The idea: start cheap, drill down only when you have to. There’s an MCP tool literally called __IMPORTANT whose entire job is reminding Claude to follow this pattern — because without it, Claude will skip the cheap layers and fetch everything at full detail. Which defeats the architecture.

This is the most interesting design choice in the whole plugin.

Configuration worth knowing

Everything is tunable via http://localhost:37777/Settings or environment variables. The ones I actually touched:

CLAUDE_MEM_MODEL — compression model. Haiku is the default and fine. Switch provider with CLAUDE_MEM_PROVIDER if you want Gemini or OpenRouter instead.
CLAUDE_MEM_CONTEXT_OBSERVATIONS — how many observations get injected at session start. Default 50, range 1-200. I dropped it to 25 during the first week on a new project (see below).
CLAUDE_MEM_CONTEXT_FULL_COUNT — how many of those get expanded to full detail. Default 5.
CLAUDE_MEM_SKIP_TOOLS — excludes specific tools from capture. TodoWrite, AskUserQuestion, BashTool are skipped by default, which is the right call.

Privacy escape hatch: wrap content in <private> tags inside a prompt and it stays out of storage. Useful when you paste something you don’t want sitting in a SQLite file forever.

The security audit you should actually read

A February 2026 community audit flagged the HTTP API on port 37777 as unauthenticated. Any local process on your machine can:

Read every stored observation
View settings — including plaintext API keys
Inject arbitrary memories into Claude’s next context

The default binding was 0.0.0.0 rather than localhost, which meant cloud VMs without firewalls exposed the API to the internet. Path traversal bugs in smart_unfold and smart_outline compound the problem.

My rule: personal dev machines only. Not shared servers. Not cloud dev boxes. Not work laptops with other people’s code on them. The architecture is promising — the security posture isn’t there yet.

There are also reliability issues worth knowing about: an early ChromaDB-backed build leaked subprocesses badly (one user hit 184 orphaned processes chewing 16GB of RAM in 19 hours). The FTS5 backend — SQLite’s built-in full-text search — avoids that entirely. Use FTS5.

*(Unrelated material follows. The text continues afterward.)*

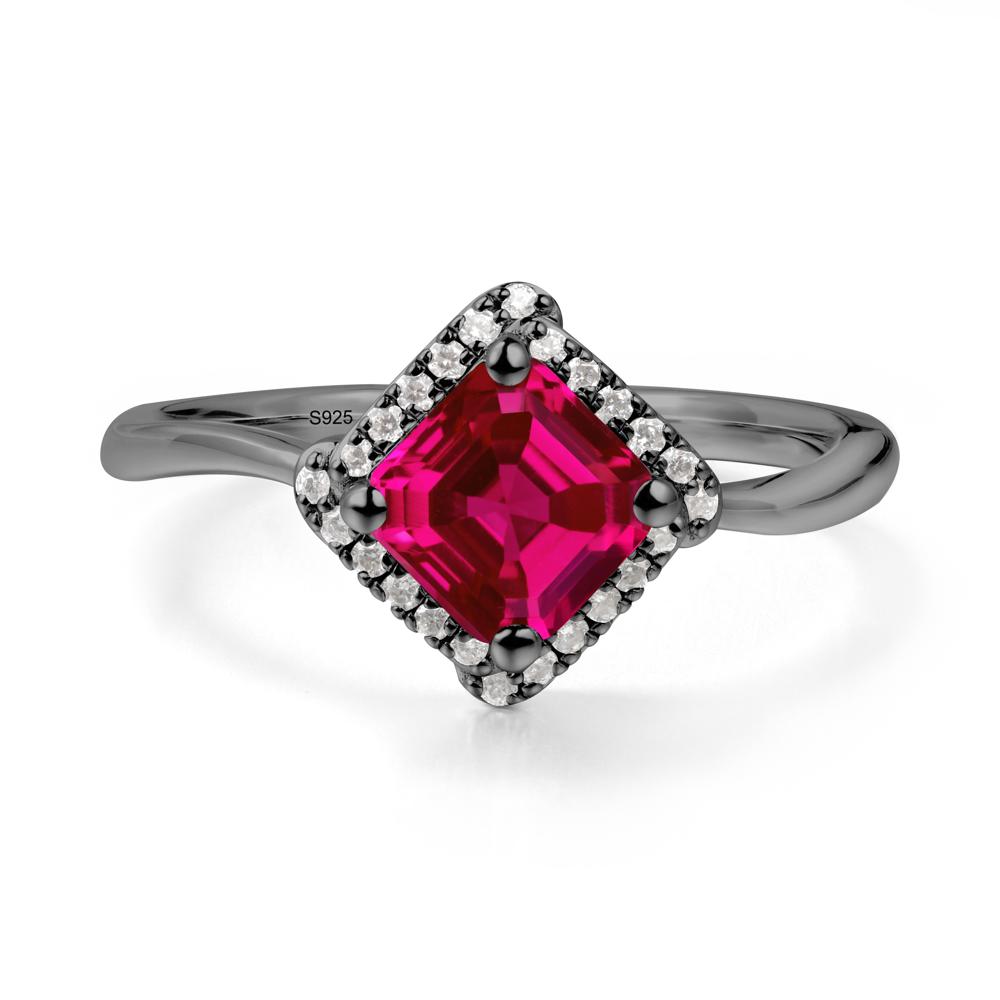 Halo Ruby Engagement Ring - LUO Jewelry #metal_black finish sterling silver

What actually changed in my workflow

Three weeks in, a 39 MB database, 6,814 observations across ten projects. What’s different:

No more re-explaining project structure. Claude walks in knowing the shape of the repo.
Debugging paths don’t restart from zero. If we chased a bug down a wrong alley yesterday, today’s session remembers that alley was wrong.
61% of my observations are typed discovery. Claude is mostly capturing what it learns, not what it changes. That was unexpected — I thought the value would be in remembering refactors. It’s actually in remembering comprehension.

One gotcha: the first week on a new project, your context fills faster than normal because every file is new and every tool call produces a discovery-type observation. Lower CLAUDE_MEM_CONTEXT_OBSERVATIONS to 20-30 until the discovery rate flattens. Then raise it back.

The real point

Session-based coding assistants have a blank-slate problem. Every morning, they forget you. The fixes people reach for — CLAUDE.md, auto memory, /compact — are partial. Markdown files rot. Auto memory saves at random. /compact trades your conversation for context room.

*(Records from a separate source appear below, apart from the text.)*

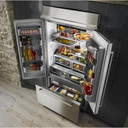 Kitchenaid® 24.2 Cu. Ft. 42" Width Built-In Panel Ready French Door Refrigerator with Platinum Interior Design KBFN502EPA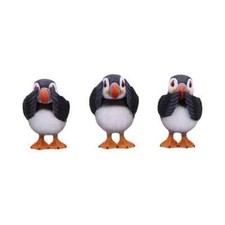 Three Wise Puffins Birds Hear No Speak No Figurines  Set of 3 New Boxed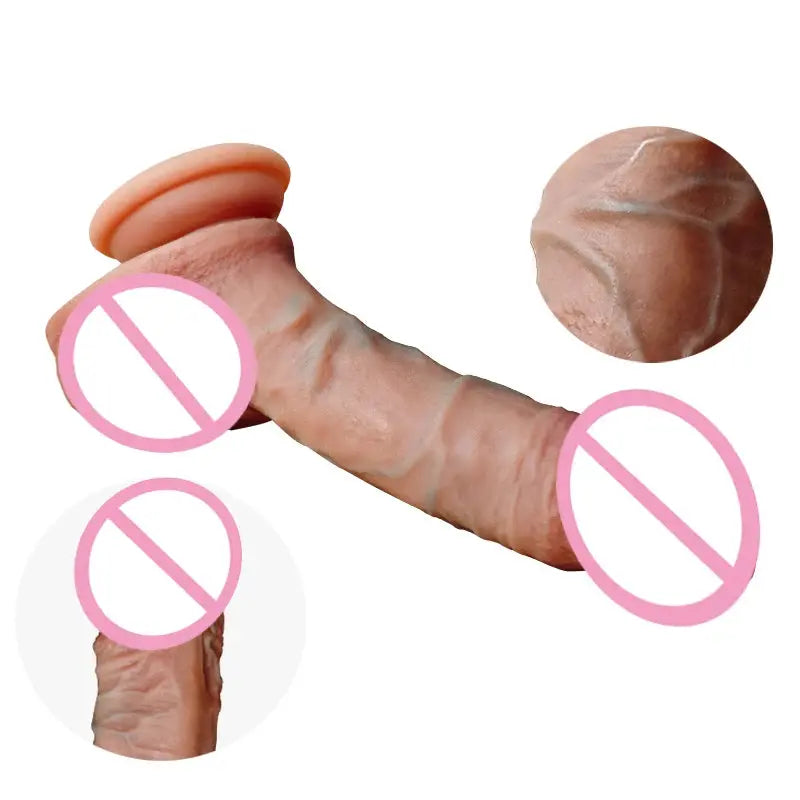 Realistic dildo with vein detail and suction cup, unisex adult sex toy designed for versatile use, by SHOPEZRA L.L.C.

Claude-mem is the first approach I’ve used that treats memory as infrastructure instead of a manual habit. Capture happens automatically. Retrieval is tiered so the cheap layers do the work. Privacy stays local.

It’s not production-ready for regulated environments. But for a solo developer on a personal machine, the continuity is real. Three weeks of not re-explaining my own codebases has already paid for the setup time.

Install it on a laptop you own. Watch the observations stream in for a day. Decide for yourself.